While learning how to work with images for computer vision, I was told to use a property of CPU cache in order to process two dimensional arrays in C++ faster. It means that accessing 2D arrays by rows in the inner loop is faster than by columns, due to the property of fast cache memory access, containing data lines. It is faster to get the whole line of data from the cache, than jumping from line to line. This small project compares 3 ways of containing 2D data in C++ (but the list is not complete only by these 3 types of data structures). The first considered data structure is a standard C++ dynamically allocated one dimensional array. The second is two dimensional C++ dynamically allocated array. And the last one is a vector of vectors from the standard C++ library.

Code structure and behaviour

Another interesting programming feature that I wanted to show in this project is code duplication avoidance by utliziation of polymorph classes. The initial git commit here consists of proof of consept and one can see that code that measures the execution time is duplicated for every data structure. That is why I decided to refactor the code resulting in introduction of the following classes. UMLDiagram There is a parent class called Containers2d that has common functionality and variables and 3 specializing classes containing the described data structures. After refactoring the code that implements execution time measurements resides only in one place in the parent class. The functionality of the program is described by the following sequence diagram. The containers are initialized randomly and the program measures execution time of accessing each element calculating squared value and saving it in the initial container. This is done 1000 times in order to measure average execution time. UMLDiagram

Results and discussion

The results of several runs for different array sizes are presented in the file results.txt in the repository. Here some excerpt for an array 1000x1000 is presented in the table.

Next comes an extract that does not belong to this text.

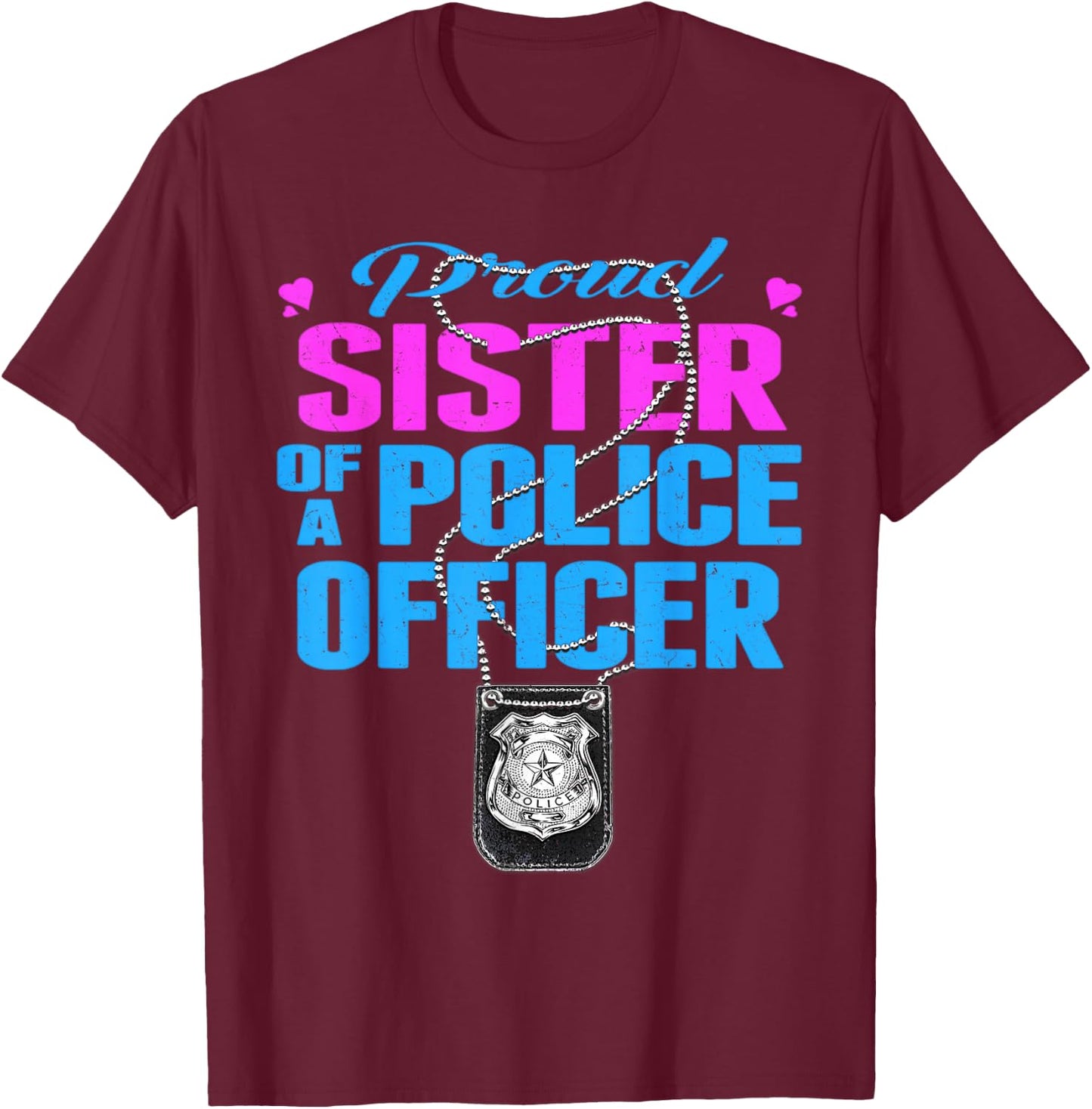 Proud Sister Of A Police Officer Shirt Cop Family Gifts T-Shirt - T-Shirt | Maroon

Processing type	Execution time (microseconds) Array1d	Execution time (microseconds) Array2d	Execution time (microseconds) Vector2d
Processed by rows	2732.27	2622.73	7236.22
Processed by columns	3098.9	2879.58	7669.81
Ratio (%)	13	10	6

One can see that the slowest container is STL vector - around 3 times slower than the fastest one - dynamic 2D array. But the biggest performance increase has the 1D dynamic array. The results range a little bit from experiment to experiment, but the tendency remains the same. There are only several weird measurements braking the tendency, but recompilation of the project eliminated the behaviour, when STL vector processing by columns was a lot faster than by rows (please see the results.txt in the repository).